God and Satan are on a train, debating over the souls of three people: Harry, who winds up in a mental hospital where the doctors use him in their plot to harvest and sell body parts; Gretta, a struggling musician who makes pornographic movies for Youngmeyer, who refuses to let her leave him for her true love, the saintly Glenn; Claire, a surgeon whose husband James (Richard Moll) catches the attention of demon Olivier after writing a book that claims God is dead. As the stories unfold, the characters’ souls are up in the air until the train crashes and final decisions are made.

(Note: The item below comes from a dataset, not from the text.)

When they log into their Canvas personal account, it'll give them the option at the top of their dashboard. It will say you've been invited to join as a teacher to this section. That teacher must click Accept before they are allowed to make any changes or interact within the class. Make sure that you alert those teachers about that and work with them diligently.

I first saw Night Train to Terror after my well-meaning girlfriend at the time bought me a box set of horror movies. (A nice idea—too bad they’re all terrible.) It embodies all of the nasty clichés that give horror movies a bad name (and it’s not even a slasher): no plot, gratuitous nudity and violence (like the scene when a guy’s face blows up for no particular reason), the Token Black Guy who dies first, and painfully bad acting. You can add to that low budget, bad editing, bad special effects, and bad dialogue. Not to mention the rock band on the train, complete with backup dancers and mist, that keeps singing their aggravating song over and over:
Granted, the filmmakers try to make their audience consider the nature of good and evil, but it’s difficult to take it seriously when characters say things like, “What can I do for you, Mr. Satan?” And “I’m still burning with revenge.” (I think there’s a cream for that). But my favorite horrible thing is Youngmeyer’s group of dastardly friends, who get together to tempt death. (They call themselves The Death Club, showing they’re just as unimaginative as they are crazy.) There’s a guy who’s supposed to be Russian, but sounds just like Triumph the Insult Comic Dog. Even the actors don’t wanna be here:
Ultimately, this movie’s only redeeming quality is that it’s so awful it’s funny. Truly, words cannot describe it—you have to see this movie to believe it.